Chinese President Hu Jintao took a hard line Saturday in his first remarks on the recent unrest in Tibet, saying the matter is an internal affair that impacts Chinese sovereignty.
Hu's comments to visiting Australian Prime Minister Kevin Rudd came a day after China intensified attacks on overseas critics, blasting a U.S. House resolution on Tibet as "crude interference" and labeling a leading Tibetan exile group a terrorist organization.
His remarks follow massive demonstrations by pro-Tibet activists and other groups targeting the torch relay for the 2008 Beijing Summer Olympic Games. The protests have stirred anger from the government in Beijing and among Chinese citizens.
Hu spoke to Rudd at a meeting on the sidelines of a regional economic forum in the southern province of Hainan. He addressed the issues of exiled spiritual leader the Dalai Lama -- whom Beijing blames for fomenting the unrest -- and the anti-government protests that broke out in the Tibetan capital of Lhasa last month.
"Our conflict with the Dalai clique is not an ethnic problem, not a religious problem, nor a human rights problem," the official Xinhua News Agency quoted Hu as saying. "It is a problem either to safeguard national unification or to split the motherland."
As Tibet's former Communist Party boss, Hu enforced a harsh crackdown against the last major anti-government protests there in 1989. He has tightened Chinese rule over the Himalayan region since taking over as president in 2003, stepping-up controls over Tibetan Buddhism and increasingly opened the region to travel and migration from other parts of China.
The latest round of Tibetan protests began peacefully among Buddhist monks in Lhasa on March 10, the anniversary of a failed 1959 uprising in which the Dalai Lama fled to India. Four days later they turned violent, with hundreds of shops torched and Chinese civilians attacked.
China says 22 people were killed in the riots, many in arson attacks, and over 1,000 detained.
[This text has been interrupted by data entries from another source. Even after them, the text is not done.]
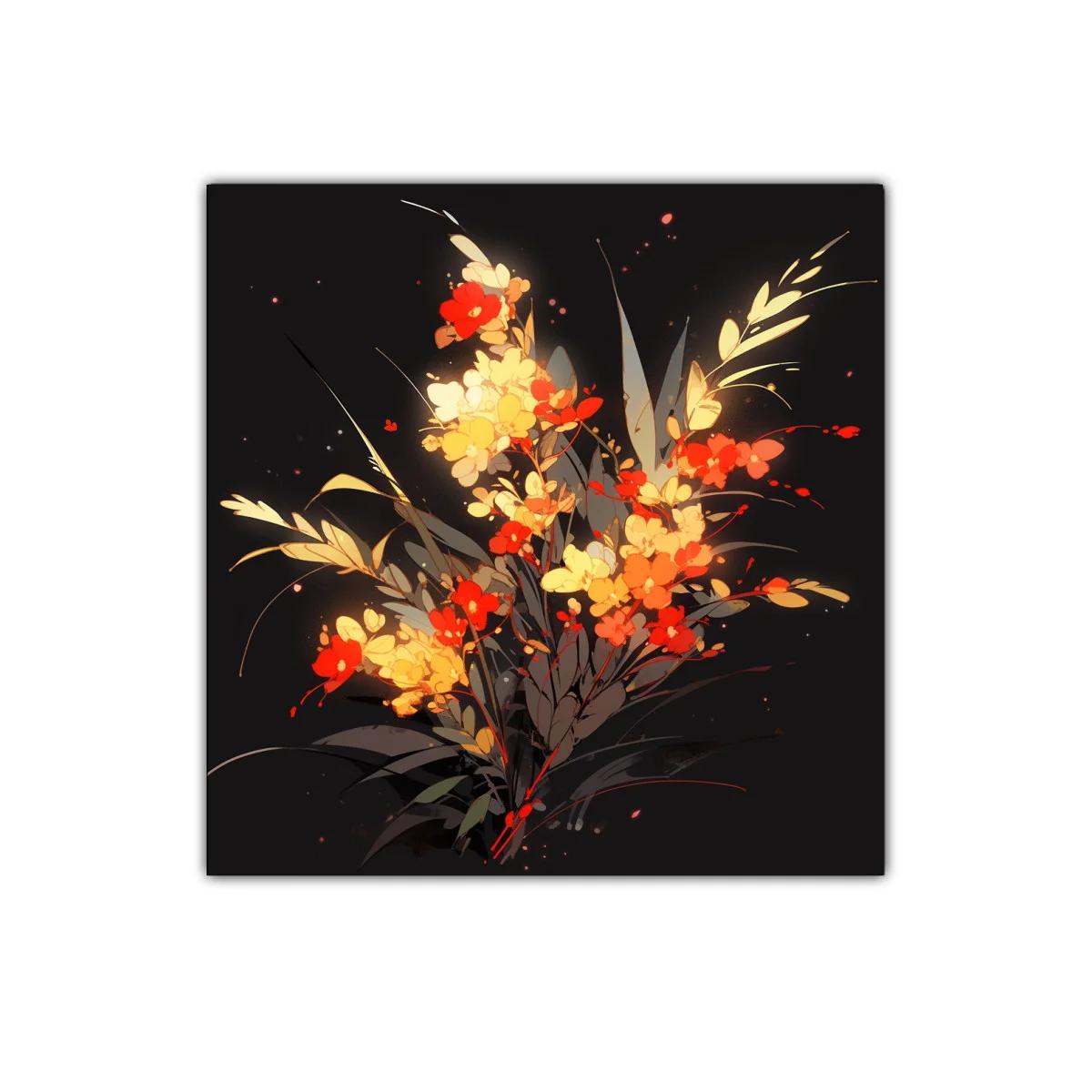 Flores vibrantes con luz cálida sobre fondo oscuro — imagen principal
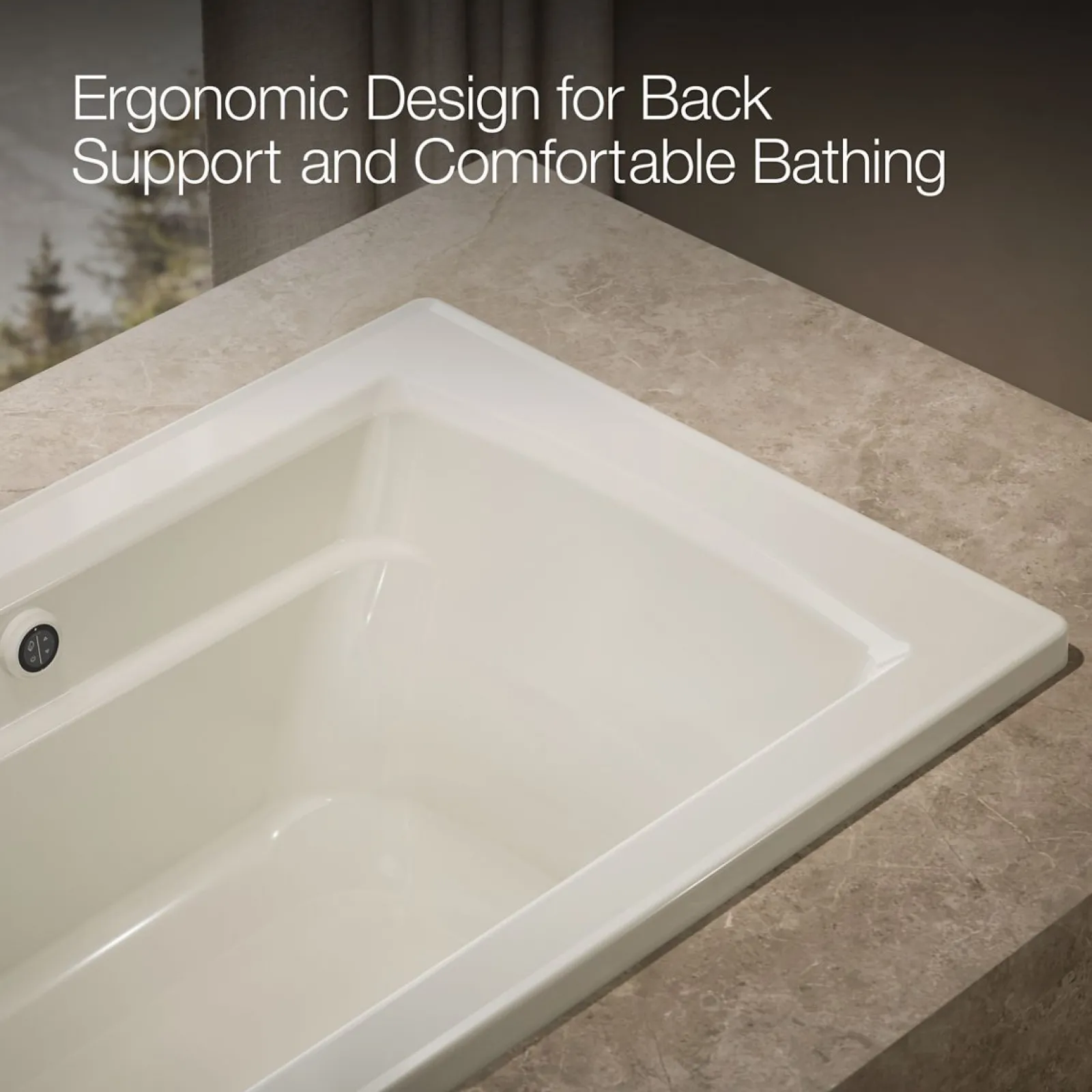 60" x 32" drop-in bath with Bask® heated surface^Kohler New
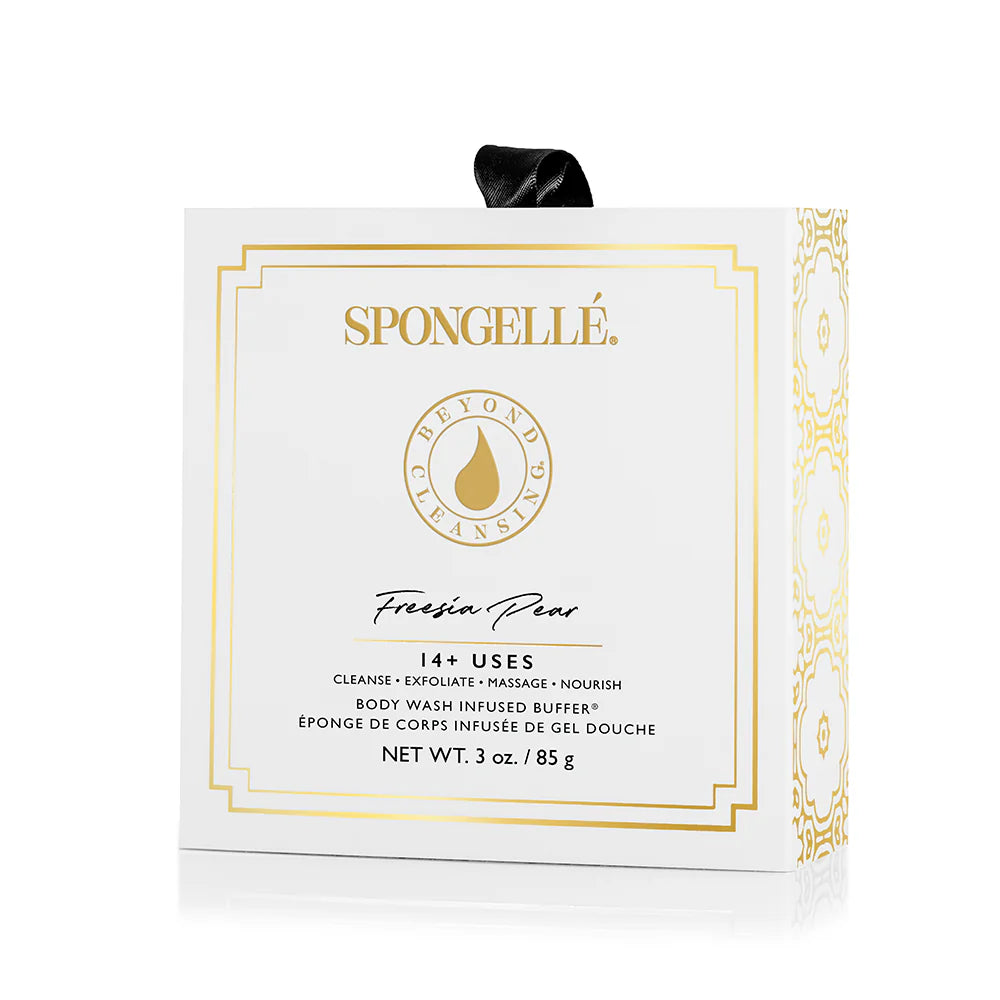Spongelle Daisy Collection Boxed Flower Freesia Pear White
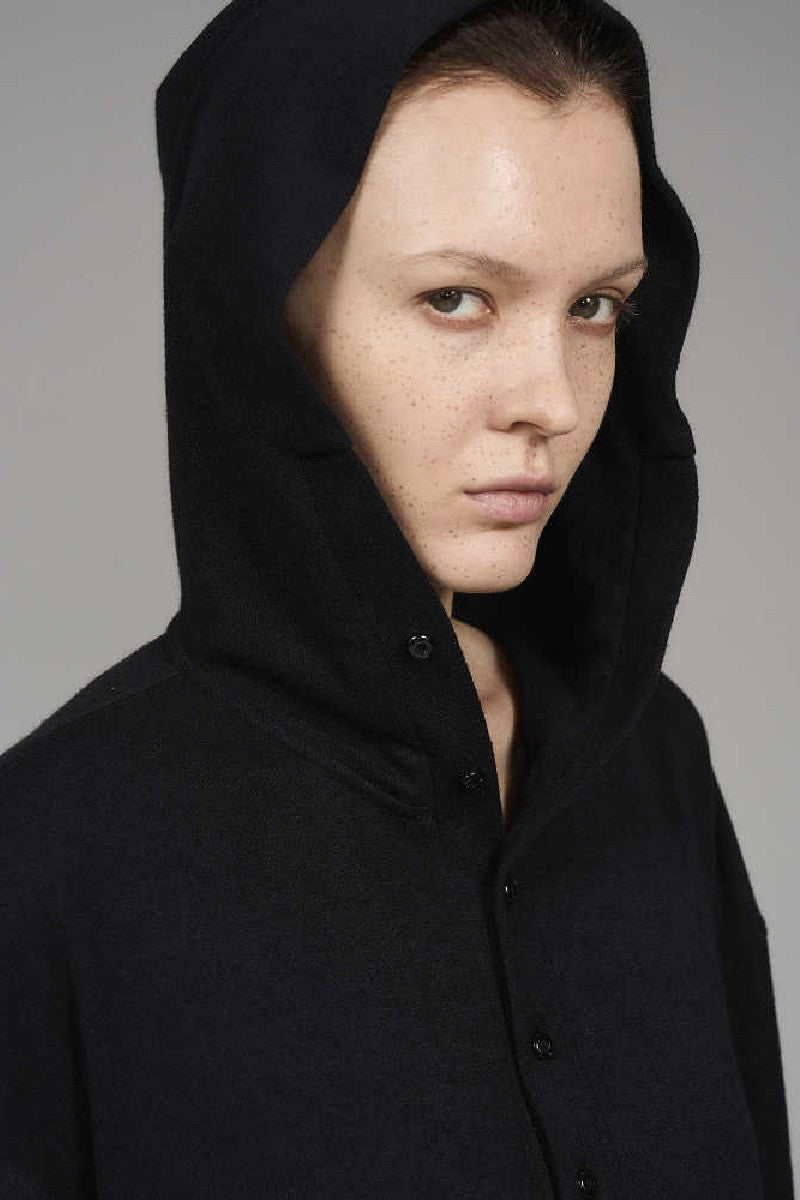 Cotton Hooded Polo Tee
The Dalai Lama's India-based government-in-exile says more than 140 people were killed.
Foreign Ministry spokeswoman Jiang Yu said the resolution passed Wednesday by the House of Representatives "crudely interfered in China's internal politics, seriously hurting the feelings of the Chinese people."
The resolution sponsored by House Speaker Nancy Pelosi called on Beijing to "end its crackdown on nonviolent Tibetan protesters," along with cultural, religious, economic and linguistic "repression."
Chinese state media also lashed out at the Tibetan Youth Congress, accusing it of orchestrating recent protests in a bid to overthrow Chinese rule and sabotage the Beijing Olympics in August.